RE: problems with too many ssl_read and ssl_write errors

2021-08-19 Thread Michael Wojcik
> From: openssl-users  On Behalf Of David 
> Bowers via openssl-users
> Sent: Wednesday, 18 August, 2021 16:38

I don't think this is OpenSSL-related, but at this point it's not clear what 
the issue is.

> . After maybe a few hours/days we see the clients dropping connections.  The 
> logs
> indicate the SSL_Read or SSL_Write on the Server fails for a client with 
> SSL_Error
> number 5 (SSL_ERROR_SYSCALL) and the equivalent Windows error of WSATimeOut.  
> We
> then observe the WSAECONNRESET as the Client closed connection.  We see this
> behavior for multiple sites.

I assume this is a Server-edition version of Windows and you're not trying to 
support that kind of connection load on a desktop edition.
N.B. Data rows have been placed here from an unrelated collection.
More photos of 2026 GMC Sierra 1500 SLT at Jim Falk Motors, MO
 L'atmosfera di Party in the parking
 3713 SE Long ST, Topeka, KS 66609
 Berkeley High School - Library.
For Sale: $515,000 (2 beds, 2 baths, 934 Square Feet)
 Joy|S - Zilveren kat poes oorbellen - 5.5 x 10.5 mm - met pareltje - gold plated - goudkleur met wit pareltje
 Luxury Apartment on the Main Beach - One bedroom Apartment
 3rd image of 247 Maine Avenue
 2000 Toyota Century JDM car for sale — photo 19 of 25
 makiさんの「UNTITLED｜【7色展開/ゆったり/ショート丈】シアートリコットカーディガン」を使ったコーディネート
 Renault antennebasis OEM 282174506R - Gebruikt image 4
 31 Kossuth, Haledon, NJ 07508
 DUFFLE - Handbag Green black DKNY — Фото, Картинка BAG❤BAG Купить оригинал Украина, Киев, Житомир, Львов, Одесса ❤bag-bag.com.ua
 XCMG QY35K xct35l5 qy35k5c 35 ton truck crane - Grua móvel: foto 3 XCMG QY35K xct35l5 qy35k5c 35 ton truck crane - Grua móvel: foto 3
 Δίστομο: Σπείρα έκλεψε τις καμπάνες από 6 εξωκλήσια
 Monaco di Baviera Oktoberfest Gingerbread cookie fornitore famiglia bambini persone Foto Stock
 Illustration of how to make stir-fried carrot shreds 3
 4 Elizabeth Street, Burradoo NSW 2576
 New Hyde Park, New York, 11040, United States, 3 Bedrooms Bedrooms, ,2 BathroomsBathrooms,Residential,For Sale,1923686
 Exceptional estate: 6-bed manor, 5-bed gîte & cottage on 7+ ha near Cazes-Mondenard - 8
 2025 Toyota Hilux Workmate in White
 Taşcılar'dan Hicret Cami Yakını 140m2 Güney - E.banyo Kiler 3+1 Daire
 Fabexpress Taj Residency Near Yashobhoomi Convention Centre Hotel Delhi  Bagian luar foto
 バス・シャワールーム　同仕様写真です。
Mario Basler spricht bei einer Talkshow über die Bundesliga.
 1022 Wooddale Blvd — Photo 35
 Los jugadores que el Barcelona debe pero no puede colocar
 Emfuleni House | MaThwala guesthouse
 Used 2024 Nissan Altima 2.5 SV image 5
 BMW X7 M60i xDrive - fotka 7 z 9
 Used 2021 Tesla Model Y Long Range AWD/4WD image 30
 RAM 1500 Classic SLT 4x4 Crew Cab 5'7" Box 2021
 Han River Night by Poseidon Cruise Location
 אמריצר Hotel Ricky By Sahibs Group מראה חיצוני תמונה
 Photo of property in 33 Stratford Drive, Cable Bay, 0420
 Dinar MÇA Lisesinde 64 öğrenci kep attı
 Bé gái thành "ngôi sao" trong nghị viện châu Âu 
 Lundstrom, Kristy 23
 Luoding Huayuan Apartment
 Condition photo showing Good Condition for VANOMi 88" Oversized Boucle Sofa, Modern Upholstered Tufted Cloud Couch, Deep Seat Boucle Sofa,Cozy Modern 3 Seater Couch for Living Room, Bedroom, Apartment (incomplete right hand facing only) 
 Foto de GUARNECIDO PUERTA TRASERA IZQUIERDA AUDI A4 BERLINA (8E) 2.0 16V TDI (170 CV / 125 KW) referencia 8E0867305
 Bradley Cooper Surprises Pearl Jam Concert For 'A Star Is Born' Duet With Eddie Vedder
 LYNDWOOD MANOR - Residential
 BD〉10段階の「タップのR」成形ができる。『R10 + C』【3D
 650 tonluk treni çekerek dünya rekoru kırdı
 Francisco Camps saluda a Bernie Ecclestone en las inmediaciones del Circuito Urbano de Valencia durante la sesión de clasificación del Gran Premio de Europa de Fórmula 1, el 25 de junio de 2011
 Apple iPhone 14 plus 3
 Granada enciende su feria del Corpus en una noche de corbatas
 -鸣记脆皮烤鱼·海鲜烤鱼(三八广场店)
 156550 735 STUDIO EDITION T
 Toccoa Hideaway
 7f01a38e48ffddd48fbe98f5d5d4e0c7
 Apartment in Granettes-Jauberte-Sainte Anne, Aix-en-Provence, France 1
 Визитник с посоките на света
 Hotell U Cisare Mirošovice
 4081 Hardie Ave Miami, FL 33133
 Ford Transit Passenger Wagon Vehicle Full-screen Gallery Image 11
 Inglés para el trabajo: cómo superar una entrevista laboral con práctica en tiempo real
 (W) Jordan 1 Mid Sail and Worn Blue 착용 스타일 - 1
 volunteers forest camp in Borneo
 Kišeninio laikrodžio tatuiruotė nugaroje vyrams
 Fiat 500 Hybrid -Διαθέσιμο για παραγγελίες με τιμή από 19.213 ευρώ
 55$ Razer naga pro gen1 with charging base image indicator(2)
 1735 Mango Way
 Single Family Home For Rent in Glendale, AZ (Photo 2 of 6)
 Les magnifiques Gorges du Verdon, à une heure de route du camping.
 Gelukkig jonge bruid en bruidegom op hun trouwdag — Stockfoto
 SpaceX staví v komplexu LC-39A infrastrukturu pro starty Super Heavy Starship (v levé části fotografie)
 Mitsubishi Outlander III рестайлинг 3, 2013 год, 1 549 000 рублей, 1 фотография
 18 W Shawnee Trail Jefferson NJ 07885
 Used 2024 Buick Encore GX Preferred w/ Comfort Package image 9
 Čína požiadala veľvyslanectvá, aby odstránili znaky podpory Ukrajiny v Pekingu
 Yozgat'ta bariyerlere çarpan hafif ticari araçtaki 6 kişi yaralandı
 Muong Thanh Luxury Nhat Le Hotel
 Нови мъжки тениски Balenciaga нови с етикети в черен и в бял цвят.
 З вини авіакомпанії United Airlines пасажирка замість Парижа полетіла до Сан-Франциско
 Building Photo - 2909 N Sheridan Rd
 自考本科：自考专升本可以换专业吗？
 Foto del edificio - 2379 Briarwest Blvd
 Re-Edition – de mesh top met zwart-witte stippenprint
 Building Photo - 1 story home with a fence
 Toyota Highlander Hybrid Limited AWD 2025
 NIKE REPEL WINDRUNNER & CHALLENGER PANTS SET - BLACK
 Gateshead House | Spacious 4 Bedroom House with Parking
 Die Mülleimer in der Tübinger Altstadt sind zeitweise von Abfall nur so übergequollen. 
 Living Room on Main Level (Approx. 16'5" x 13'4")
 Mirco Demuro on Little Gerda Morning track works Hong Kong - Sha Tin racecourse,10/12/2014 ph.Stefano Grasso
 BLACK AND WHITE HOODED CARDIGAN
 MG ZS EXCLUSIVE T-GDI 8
What's set in the Registry under 
HKLM\SYSTEM\CurrentControlSet\Services\TCPIP\Parameters? In particular I'd be 
suspicious of SynAttackProtect and NetworkThrottlingIndex (which shouldn't be 
set on Server, but you never know).

Many online references will suggest altering settings that affect the 
ephemeral-port space, such as TcpTimedWaitDelay, but those are irrelevant on 
the server side (since the connection tuples will use the server port, not an 
ephemeral port, for the server side).

Many of the settings under the TCPIP/Performance key are undocumented. This 
page describes a number of them:

https://forums.alliedmods.net/showpost.php?s=5fedba9ea66557ccea3bfee9e192aaf4=1744400=1

It also discusses a number of netsh commands for TCP/IP tuning.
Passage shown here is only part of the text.